For books, I’ve previously used disclaimers like: “This was generated by a human in conjunction with AI.” But I think there’s room for improvement. A better phrasing might be:
“This book is the result of a collaborative process, combining human expertise with AI tools to enhance research and clarity. The final content has been rigorously reviewed to ensure accuracy and insight.”
Moving Forward: No One-Size-Fits-All Solution
AI disclosure is an evolving challenge – and it’s clear that blanket statements aren’t the answer.
We need practical, nuanced, and transparent approaches that don’t devalue the role of human expertise. Organisational AI statements, clearer methodology explanations, and adapting disclosure to fit the level of AI involvement are better ways forward.
Acknowledgment
I want to acknowledge that my thinking on this topic has been influenced by Christopher Penn’s post above, and discussions with Frank Prendergast.

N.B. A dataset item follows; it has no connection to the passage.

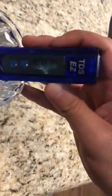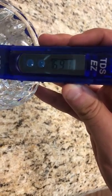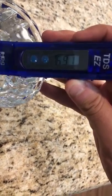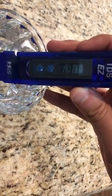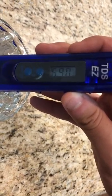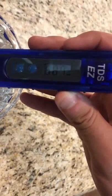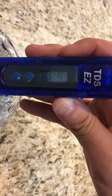The reading already reads 691 parts per million, which is outstandingly high, and this should serve as enough proof that the tap water is contaminated and extremely harmful to human health. The chart on the back states that marginally acceptable tap water is between 200 to 400 parts per million — as you can see, this isn't even marginally acceptable. It's 689 parts per million.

Frank’s thoughtful email on AI disclosure is worth a read. We arrived at similar conclusions about the impracticality of blanket disclosure and the need for more nuanced approaches, and Frank has a fantastoc three-point plan for responsible transparency helped crystallise my own perspectives on balancing transparency with practicality.
How are you thinking about AI disclosure in your own work? Are you leaning toward full transparency, or do you think nuance matters more?